Brief descriptive captions
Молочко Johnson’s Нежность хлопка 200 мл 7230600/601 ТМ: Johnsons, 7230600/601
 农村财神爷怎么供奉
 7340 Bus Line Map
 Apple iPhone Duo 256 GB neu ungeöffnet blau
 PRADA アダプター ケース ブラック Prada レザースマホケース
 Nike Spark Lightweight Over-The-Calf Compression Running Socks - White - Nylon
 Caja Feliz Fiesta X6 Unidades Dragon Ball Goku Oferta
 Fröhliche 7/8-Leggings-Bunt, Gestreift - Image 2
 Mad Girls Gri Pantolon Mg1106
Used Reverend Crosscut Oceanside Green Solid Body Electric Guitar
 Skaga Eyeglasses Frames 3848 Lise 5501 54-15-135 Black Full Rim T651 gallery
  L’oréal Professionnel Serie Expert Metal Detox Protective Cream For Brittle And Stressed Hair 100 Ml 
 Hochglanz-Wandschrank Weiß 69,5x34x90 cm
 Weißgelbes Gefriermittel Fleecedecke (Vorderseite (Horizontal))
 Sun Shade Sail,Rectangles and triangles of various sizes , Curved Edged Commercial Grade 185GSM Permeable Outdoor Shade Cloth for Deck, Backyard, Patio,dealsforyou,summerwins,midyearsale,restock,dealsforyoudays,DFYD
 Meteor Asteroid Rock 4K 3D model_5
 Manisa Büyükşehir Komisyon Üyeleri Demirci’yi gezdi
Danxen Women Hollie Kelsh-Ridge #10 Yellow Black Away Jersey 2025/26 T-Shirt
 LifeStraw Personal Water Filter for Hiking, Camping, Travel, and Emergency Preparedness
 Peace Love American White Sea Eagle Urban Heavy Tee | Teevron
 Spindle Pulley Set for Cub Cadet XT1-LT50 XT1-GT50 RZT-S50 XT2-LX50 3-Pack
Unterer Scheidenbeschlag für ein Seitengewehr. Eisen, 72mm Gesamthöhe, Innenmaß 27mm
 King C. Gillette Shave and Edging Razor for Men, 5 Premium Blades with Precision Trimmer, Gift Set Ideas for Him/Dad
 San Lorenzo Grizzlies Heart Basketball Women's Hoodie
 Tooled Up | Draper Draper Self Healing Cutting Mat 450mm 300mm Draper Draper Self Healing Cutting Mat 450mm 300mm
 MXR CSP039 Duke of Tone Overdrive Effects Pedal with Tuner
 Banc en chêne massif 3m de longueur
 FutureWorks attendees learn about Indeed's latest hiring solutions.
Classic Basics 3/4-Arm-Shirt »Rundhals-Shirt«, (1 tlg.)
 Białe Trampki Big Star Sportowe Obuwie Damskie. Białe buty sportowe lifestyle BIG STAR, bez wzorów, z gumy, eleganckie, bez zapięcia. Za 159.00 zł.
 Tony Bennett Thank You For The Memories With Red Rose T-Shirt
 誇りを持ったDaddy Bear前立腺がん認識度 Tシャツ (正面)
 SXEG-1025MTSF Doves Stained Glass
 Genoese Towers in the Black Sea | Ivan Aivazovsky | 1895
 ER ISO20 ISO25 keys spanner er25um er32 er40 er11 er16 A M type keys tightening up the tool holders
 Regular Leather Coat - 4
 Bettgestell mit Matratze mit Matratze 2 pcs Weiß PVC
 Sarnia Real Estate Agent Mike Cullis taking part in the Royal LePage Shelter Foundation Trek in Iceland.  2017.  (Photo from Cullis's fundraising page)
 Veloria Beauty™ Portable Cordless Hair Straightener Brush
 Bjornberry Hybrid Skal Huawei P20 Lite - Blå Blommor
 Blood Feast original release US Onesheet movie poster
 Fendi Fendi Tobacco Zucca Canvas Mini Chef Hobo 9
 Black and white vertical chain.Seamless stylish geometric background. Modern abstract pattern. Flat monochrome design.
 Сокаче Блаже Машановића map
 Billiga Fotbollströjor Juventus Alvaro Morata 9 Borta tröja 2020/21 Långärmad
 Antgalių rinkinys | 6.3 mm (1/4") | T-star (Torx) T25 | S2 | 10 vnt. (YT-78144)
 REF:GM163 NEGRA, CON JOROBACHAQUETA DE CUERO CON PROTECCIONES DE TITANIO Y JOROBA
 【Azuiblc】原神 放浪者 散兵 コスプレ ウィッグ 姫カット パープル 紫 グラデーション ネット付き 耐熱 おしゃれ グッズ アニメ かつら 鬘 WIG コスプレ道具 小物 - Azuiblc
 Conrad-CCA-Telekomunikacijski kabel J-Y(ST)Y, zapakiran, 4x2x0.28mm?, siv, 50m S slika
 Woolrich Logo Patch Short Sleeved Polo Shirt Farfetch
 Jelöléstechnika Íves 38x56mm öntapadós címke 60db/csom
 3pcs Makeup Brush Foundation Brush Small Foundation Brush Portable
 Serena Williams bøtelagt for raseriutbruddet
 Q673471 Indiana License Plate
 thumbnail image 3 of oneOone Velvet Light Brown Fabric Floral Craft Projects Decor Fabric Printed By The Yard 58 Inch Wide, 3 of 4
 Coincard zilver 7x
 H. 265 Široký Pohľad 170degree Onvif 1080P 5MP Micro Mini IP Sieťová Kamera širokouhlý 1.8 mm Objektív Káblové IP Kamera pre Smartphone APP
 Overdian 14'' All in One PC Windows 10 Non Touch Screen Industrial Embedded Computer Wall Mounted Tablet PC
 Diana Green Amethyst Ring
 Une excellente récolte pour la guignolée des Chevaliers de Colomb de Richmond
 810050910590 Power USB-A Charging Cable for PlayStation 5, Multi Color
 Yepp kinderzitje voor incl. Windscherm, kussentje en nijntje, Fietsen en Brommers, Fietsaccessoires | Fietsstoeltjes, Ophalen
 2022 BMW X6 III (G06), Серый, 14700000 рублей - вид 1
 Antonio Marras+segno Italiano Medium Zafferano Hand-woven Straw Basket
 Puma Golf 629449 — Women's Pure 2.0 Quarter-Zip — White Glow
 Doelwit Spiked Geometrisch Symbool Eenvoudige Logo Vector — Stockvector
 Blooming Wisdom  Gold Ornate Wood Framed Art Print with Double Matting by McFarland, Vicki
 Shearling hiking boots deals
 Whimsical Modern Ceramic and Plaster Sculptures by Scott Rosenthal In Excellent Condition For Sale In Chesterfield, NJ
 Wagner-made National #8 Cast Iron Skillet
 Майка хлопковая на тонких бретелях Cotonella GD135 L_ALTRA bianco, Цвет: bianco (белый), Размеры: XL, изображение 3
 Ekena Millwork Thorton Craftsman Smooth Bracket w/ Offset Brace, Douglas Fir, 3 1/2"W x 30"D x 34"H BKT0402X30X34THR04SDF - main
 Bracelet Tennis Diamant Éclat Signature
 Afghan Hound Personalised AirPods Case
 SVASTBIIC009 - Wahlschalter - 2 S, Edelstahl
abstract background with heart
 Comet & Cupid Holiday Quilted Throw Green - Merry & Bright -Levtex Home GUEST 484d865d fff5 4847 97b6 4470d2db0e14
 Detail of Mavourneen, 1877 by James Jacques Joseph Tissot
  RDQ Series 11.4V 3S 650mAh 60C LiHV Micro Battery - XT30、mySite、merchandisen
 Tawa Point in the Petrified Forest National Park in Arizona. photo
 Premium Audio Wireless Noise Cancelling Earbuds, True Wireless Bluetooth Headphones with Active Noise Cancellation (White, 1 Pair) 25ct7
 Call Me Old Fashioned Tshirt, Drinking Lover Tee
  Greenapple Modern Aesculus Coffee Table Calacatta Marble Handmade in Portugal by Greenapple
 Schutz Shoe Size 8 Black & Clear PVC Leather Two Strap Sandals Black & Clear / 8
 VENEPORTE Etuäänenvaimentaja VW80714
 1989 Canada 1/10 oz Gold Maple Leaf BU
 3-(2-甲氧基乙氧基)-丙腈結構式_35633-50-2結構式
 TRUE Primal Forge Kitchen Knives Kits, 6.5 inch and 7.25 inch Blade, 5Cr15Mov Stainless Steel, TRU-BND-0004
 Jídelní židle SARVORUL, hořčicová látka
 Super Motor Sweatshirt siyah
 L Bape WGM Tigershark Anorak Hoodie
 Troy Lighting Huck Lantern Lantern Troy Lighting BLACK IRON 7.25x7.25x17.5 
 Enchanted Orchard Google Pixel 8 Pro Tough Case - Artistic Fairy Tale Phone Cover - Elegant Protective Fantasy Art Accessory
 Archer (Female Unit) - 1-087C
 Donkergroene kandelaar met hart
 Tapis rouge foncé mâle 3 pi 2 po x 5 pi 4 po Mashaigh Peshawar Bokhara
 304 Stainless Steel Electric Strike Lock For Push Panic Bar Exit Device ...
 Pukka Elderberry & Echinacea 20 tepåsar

■ What to produce ■
Retype the entries above exactly, but only from the line containing "Veloria Beauty™ Portable" through the line containing "50m S slika", both included.

■ Expected answer ■
 Veloria Beauty™ Portable Cordless Hair Straightener Brush
 Bjornberry Hybrid Skal Huawei P20 Lite - Blå Blommor
 Blood Feast original release US Onesheet movie poster
 Fendi Fendi Tobacco Zucca Canvas Mini Chef Hobo 9
 Black and white vertical chain.Seamless stylish geometric background. Modern abstract pattern. Flat monochrome design.
 Сокаче Блаже Машановића map
 Billiga Fotbollströjor Juventus Alvaro Morata 9 Borta tröja 2020/21 Långärmad
 Antgalių rinkinys | 6.3 mm (1/4") | T-star (Torx) T25 | S2 | 10 vnt. (YT-78144)
 REF:GM163 NEGRA, CON JOROBACHAQUETA DE CUERO CON PROTECCIONES DE TITANIO Y JOROBA
 【Azuiblc】原神 放浪者 散兵 コスプレ ウィッグ 姫カット パープル 紫 グラデーション ネット付き 耐熱 おしゃれ グッズ アニメ かつら 鬘 WIG コスプレ道具 小物 - Azuiblc
 Conrad-CCA-Telekomunikacijski kabel J-Y(ST)Y, zapakiran, 4x2x0.28mm?, siv, 50m S slika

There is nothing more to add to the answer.